第102話「美鳴飛の進んだ今」
「さっきの話をした上でここにいる私はそれらを知った上で考えうる一番平和的な選択をしたつもりだ」
みなちゃんの話してくれた内容は現実味が無さすぎて理解が難しい。
私たちの考える日常が仮初なんじゃないかと思えてくるくらいだ。
「ちなみに聞きたいんですけど、彩咲先生は今でもその周回プレイ現象? が起こってるんですか?」
姫城君がそう問いかける。
「確かにそれが現実的に起こり続けているのであれば少なくとも最悪の事態は免れることができるのかもしれないわね」
そうか、選択した先の未来が見えるのであれば夏紀ちゃんのいった通り最悪の事態は回避できるはず。

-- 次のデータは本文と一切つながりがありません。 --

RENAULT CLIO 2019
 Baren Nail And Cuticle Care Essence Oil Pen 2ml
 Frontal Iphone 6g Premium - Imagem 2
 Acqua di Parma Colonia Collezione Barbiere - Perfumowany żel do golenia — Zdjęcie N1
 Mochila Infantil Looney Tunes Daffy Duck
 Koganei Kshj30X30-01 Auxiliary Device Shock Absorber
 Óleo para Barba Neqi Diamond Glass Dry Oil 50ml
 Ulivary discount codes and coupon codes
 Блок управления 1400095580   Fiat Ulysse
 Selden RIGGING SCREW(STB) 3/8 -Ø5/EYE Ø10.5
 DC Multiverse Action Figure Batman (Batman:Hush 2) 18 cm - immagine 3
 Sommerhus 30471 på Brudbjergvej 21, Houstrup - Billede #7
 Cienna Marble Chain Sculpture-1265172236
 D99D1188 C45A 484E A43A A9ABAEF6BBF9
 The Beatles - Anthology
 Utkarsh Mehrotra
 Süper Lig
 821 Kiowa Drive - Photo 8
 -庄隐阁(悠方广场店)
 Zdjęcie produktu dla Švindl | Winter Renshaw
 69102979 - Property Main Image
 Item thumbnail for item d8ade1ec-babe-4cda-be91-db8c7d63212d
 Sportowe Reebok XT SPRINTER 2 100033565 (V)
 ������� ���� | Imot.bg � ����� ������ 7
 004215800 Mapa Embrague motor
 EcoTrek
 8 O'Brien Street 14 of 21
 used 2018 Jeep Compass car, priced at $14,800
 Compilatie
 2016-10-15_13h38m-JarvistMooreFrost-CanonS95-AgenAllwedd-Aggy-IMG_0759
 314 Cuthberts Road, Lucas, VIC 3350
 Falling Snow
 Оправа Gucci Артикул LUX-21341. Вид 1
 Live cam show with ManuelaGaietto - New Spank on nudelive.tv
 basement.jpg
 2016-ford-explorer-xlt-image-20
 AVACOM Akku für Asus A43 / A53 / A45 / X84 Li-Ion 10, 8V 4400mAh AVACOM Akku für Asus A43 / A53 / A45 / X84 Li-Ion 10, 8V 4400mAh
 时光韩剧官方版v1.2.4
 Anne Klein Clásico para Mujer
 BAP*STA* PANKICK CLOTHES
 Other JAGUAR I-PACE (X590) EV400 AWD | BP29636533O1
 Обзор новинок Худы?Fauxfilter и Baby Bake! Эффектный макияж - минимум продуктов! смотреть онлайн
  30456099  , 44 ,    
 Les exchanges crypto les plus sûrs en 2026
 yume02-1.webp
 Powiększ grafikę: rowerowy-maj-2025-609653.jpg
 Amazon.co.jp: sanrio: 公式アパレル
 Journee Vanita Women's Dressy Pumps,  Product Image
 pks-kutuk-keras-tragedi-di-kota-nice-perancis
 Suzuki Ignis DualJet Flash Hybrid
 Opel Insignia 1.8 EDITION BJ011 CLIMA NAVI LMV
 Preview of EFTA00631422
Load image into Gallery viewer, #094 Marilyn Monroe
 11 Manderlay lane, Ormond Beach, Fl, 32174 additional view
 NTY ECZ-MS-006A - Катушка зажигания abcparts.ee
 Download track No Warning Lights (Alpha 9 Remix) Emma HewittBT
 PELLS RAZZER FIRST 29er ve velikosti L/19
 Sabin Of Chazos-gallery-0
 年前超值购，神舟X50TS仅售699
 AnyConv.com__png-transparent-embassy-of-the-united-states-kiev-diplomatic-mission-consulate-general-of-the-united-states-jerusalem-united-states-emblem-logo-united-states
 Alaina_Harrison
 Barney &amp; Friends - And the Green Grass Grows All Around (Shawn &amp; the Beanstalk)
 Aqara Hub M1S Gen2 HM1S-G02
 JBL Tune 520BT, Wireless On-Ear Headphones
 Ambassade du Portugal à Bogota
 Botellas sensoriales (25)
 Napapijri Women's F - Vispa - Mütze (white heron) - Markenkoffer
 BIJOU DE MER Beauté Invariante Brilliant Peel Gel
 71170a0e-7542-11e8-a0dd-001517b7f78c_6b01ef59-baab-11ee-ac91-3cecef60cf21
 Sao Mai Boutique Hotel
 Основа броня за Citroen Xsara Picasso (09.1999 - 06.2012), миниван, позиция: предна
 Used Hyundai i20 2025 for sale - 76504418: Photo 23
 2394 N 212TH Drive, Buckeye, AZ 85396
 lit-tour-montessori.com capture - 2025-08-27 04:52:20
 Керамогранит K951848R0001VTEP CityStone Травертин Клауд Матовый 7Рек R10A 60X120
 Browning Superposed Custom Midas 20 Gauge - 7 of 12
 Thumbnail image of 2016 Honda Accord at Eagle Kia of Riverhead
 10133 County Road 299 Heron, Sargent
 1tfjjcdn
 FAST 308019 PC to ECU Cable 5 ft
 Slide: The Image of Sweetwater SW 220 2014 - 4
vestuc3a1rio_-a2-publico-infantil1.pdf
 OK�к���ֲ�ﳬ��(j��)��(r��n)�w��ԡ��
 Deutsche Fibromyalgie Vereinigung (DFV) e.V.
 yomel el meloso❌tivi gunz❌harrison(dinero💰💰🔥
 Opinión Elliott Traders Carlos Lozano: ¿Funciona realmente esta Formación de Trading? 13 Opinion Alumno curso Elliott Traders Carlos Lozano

「……残念だがそれは私の友人たちが偶然生み出した能力で現在では失われてる」
「偶然生み出したってどういうことですか?」
「私も詳しく分かっているわけではないが、一言で言うなら様々な願いから生まれた奇跡みたいな感じだな」
それを聞いた夏妃ちゃんと倉崎くんはついに頭を抱えていた。
恐らくすでに化学的に証明できないものを見せつけられていたものに加えて奇跡という考えるだけではどうにもならない単語が出て来たことが理由だろう。
「正直なところ、能力の発現などについては私でも理解できないことが多すぎるんだ。難しい話でもあり、詳しく話していると時間が足りないだろうしな」
現状この中で一番能力に詳しいみなちゃんが難しい話というのであれば今の私たちが理解するのは到底無理なのかもしれない。
「それよりも先に片付けないといけないことがいくつもあるというのも現実だ」
「……うん、確かにそうだね」
能力についてはよくわからないことが多いけれど、ひとまずは梓ちゃんをとり戻すことが先決だと言うことだろう。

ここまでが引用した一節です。